I’ve been getting conflicting advice on this.

Speaking more – you’re heard more often, presence is more clear. However, each word you say is then weighed “less” + you have more chances of messing up.

Speaking less – you’re heard less often, not as noticed. But, your words are weighed more valuably.

Does anyone have any recommendations on which is better? Right now, I try to speak up a lot during meetings/classes/etc. , even if I sometimes say something not entirely correct, but not sure if this is inadvertently going to annoy people.

Thank you!

3 comments
  1. You’re overthinking it. But yeah I agree with you it’s better to speak more. Could also argue that it’s better to speak less than a medium amount. If you speak very little and mess up once in a big group of people who don’t know you, they won’t even remember you in the end of the day because you will be, im sorry to say this, insignificant if you are not noticed by them.
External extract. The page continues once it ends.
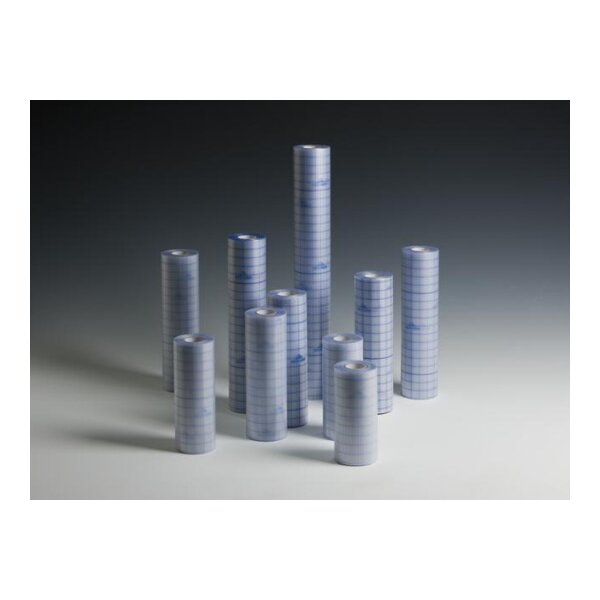 FILMOLUX Buchschutzfolie Soft 30cmx25m 26868 glanz, 70my, wenig Klebekraft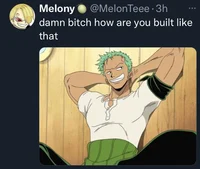 Roronoa Zoro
    Tldr better to speak a lot or very little than a medium amount if you are afraid of messing up.

  2. My first thought is also that you’re overthinking it. What is your goal? Who is it you want your words weighed more heavily by and for what purpose?

  3. I think you’re maybe getting conflicting advice because you’re not quite asking the right question. you’re thinking about quantity, but most of the time you’ll be judged much more on quality – on whether what you say has value to the people you’re saying it to.

    if listening to you was always 100% the most valuable thing that people around you could be doing (this is not an achievable standard, but just as a thought experiment) then you could talk all the time and they would be happy to sit and listen. if listening to you was *always* less valuable than doing something else/listening to someone else, then you words wouldn’t be taken more seriously even if you used them less.

    value is context-based – the same thought can have different levels of value depending on the topic, the situation, the people you’re talking to, how you express it.

    and it’s worth noting that ‘valuable’ doesn’t always mean ‘right’, and ‘right’ doesn’t always mean ‘valuable’. sometimes breaking that awkward silence after a question is valuable, even if your answer is wrong, and sometimes giving other people space to talk is more valuable to the group than giving the correct answer even if you know it.

    if you talk when you have something that is more valuable than your silence would be, and don’t talk when you don’t, then you won’t go far wrong.